In an alternative embodiment, instead of receiving the entire TLP, UDDI software 52 receives only a subset of TLP information, and MISH 168 maintains some of the state. For example, to perform a read, UDDI software 52 may receive the opcode, the address, the data, etc. Some fields such as tag or relaxed order, however, can be maintained by MISH 168. Once software 52 pushes a completion, MISH 168 uses the recorded PCIe properties to generate a full completion TLP.


Widget Interrupt Handling

In various embodiments, UDDI mechanism 32 may handle widget interrupts in various ways. Handling is typically different for different interrupt types.


MSI-X: The PCIe specification defines an MSI-X table/PBA configuration over the device's memory space. Since reading the MSI-X table is assumed to have flushed outstanding MSI-X interrupts, the widget circuitry handling the MSI-X table is directly connected to the interrupt handler of Cross-Function Access (CFA) module 174 (see dashed arrow in FIG. 4). The precise handling of these transactions is in accordance with the PCIe specification.


MSI/vendor-specific interrupts: Some devices support MSI, as specified in the PCIe specifications. Some devices provide a vendor specific way to mask and unmask interrupts, and/or to configure address and data associated with interrupts. By connecting to the interrupt handler of CFA 174, UDDI mechanism 32 enables widgets 172 to be configured so as to perform these operations.

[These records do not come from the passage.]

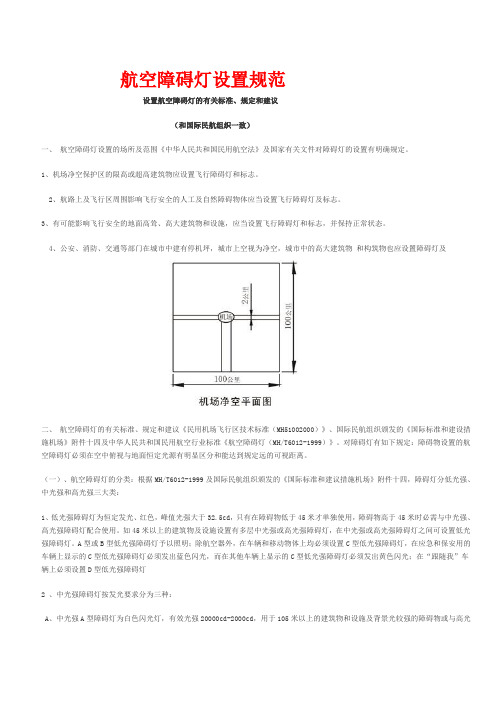 航空障碍灯设置规范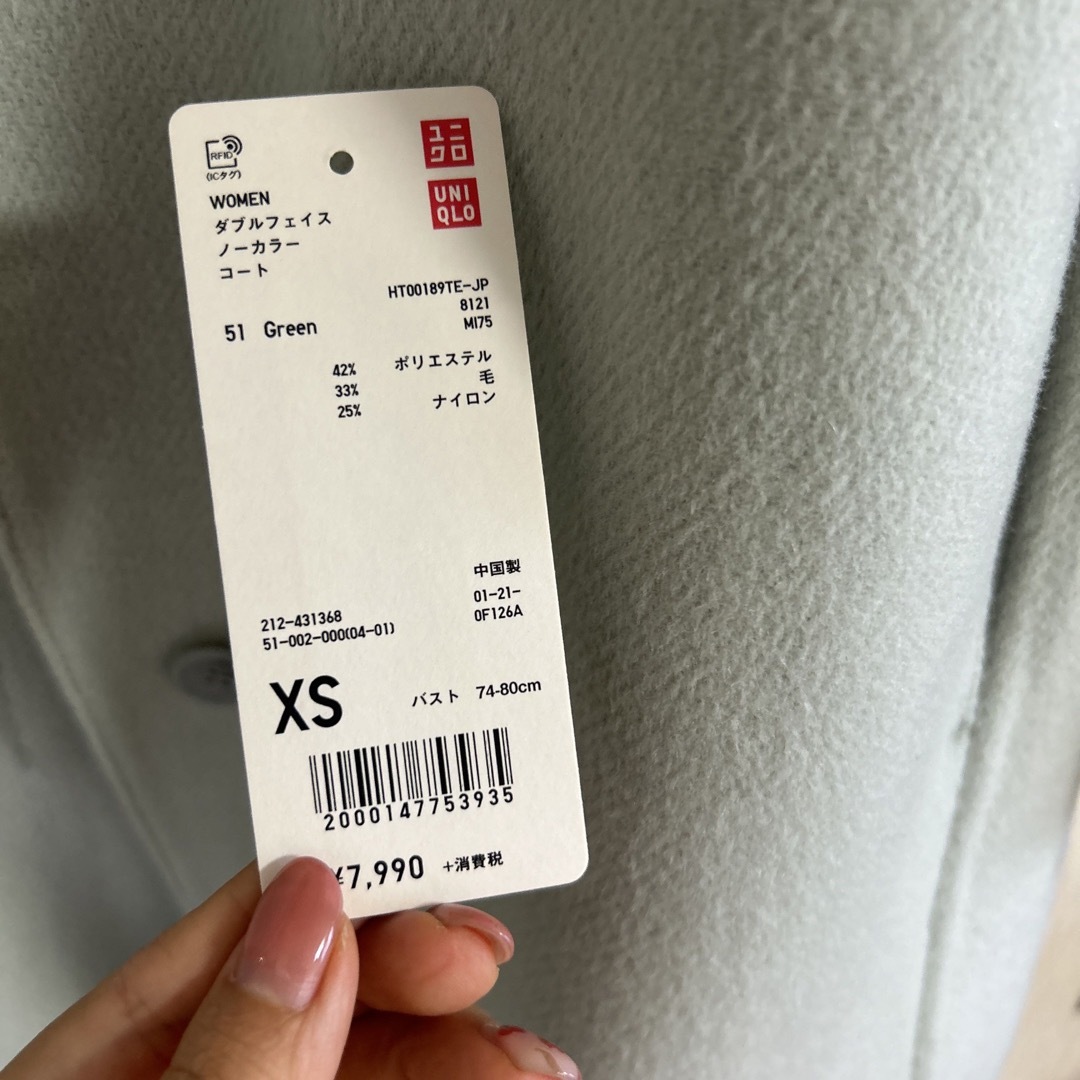 UNIQLO(ユニクロ)のミントカラー　ノーカラーコート　ユニクロ レディースのジャケット/アウター(ロングコート)の商品写真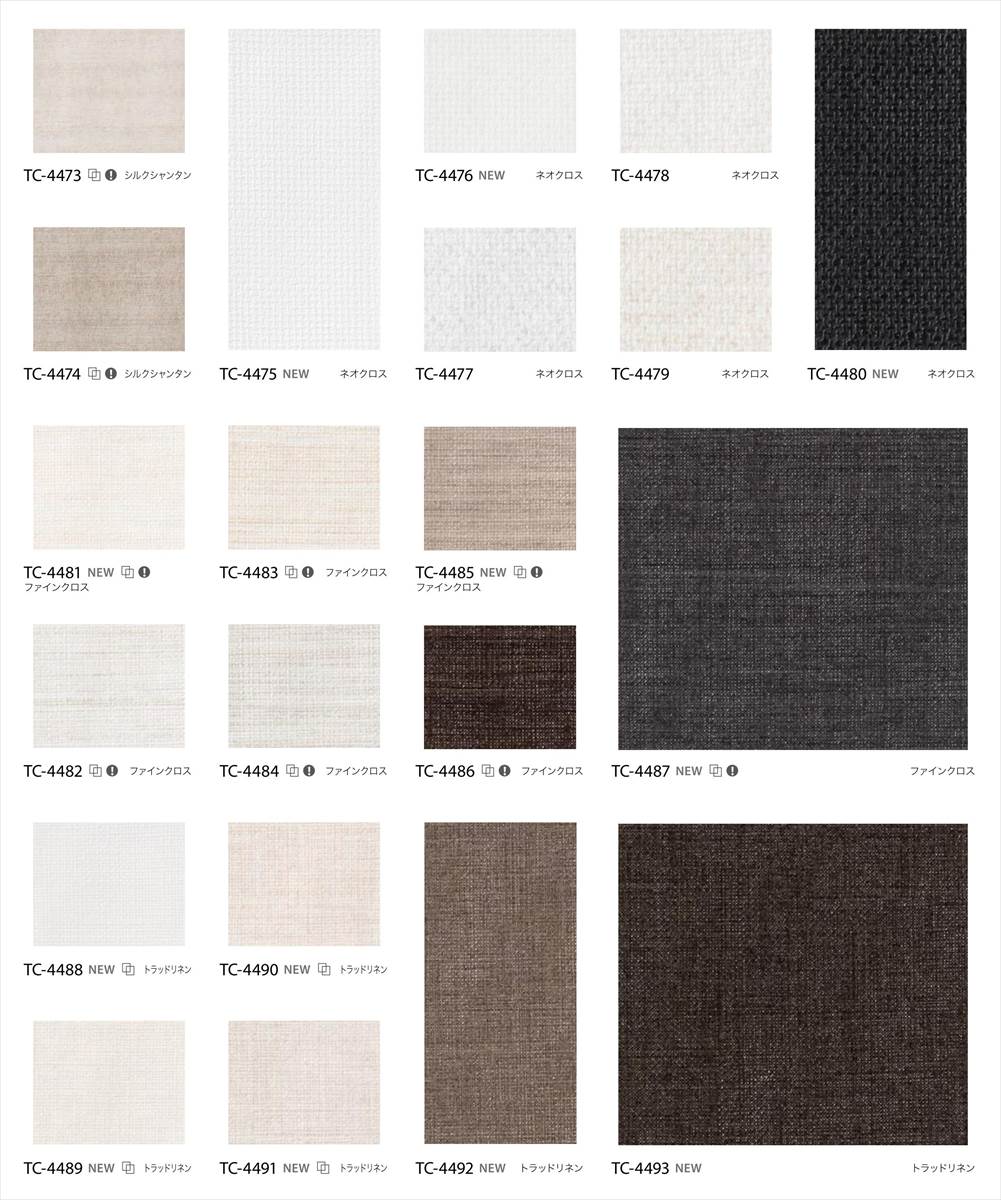 Film nội thất nhật bề mặt vải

Legacy interrupts: Some devices provide a way (specified in PCIe or vendor specific, using wires or message-emulated) to assert and de-assert interrupts, and/or to query the state of an interrupt (asserted/de-asserted). By connecting to the interrupt handler of CFA 174, UDDI mechanism 32 enables widgets 172 to be configured so as to perform these operations.


Doorbell Accelerator

As described above, most of doorbell handling is carried out by suitable widgets 172. One exception, in some embodiments, is doorbell error handling. A given doorbell may comprise a “producer index” indicating how much work has been requested from the device. In some cases, device behavior may require checking that the producer index is within a configurable range (e.g., queue size), or that the current value of the producer index is greater or equal than a previous value.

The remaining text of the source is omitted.